Hi Brent, maybe I'm doing something daft, but I just tried that and got:

(base) mt27@node-11-2-3:/lustre/scratch123/hgi/projects/ibdgwas_bioresource/mt27/CSI/Scratch/WES/problematic_somalier_output$ \
  SOMALIER_SAMPLE_RATE=0 SOMALIER_RELATEDNESS_CUTOFF=0.4 \
  /lustre/scratch123/hgi/projects/ibdgwas_bioresource/mt27/somalier/somalier relate \
   "/lustre/scratch123/hgi/projects/ibdgwas_bioresource/mt27/CSI/Scratch/WES/problematic_somalier/*" \
  --sample-prefix CRAM
somalier version: 0.2.16
[somalier] starting read of 1126 samples
fatal.nim(49)            sysFatal
Error: unhandled exception: relate.nim(423, 14) `sl == formatVersion` expected matching versions got 69, expected 2 [AssertionDefect]

My somalier files look like (so half of them have the CRAM prefix and the other half don't)
image

(I just edited your comment to adjust formatting. you can use 3 backticks for multiline)

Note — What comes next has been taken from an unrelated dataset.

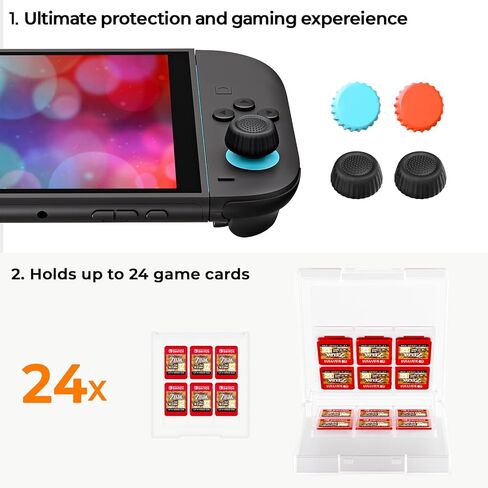 حزمة ملحقات وحدات التحكم الاحترافية لجهاز Nintendo Switch 2 17 في 1: حقيبة حمل، حافظة واقية قابلة للإرساء، مقابض Joy-con، عجلات القيادة، واقيات الشاشة، حافظة بطاقات الألعاب، مقابض الإبهام لجهاز Switch 2 in Kuwait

So you ran: somalier extract --sample-prefix CRAM ... for the relevant samples?

Then you don't need --sample-prefix CRAM for somalier relate (though that should work).

No sorry -- I guess I will need to run the extraction first with the prefix then with relate?
Didn't realize I needed to rerun the extraction if so

yes, that's right. the extract step has the option to adjust the sample name for exactly this reason.
it uses sample-id as a unique identifier.
and, I see I wrote somalier relate above where I meant somalier extract. Sorry about that. I'll edit that comment so I don't cause more confusion.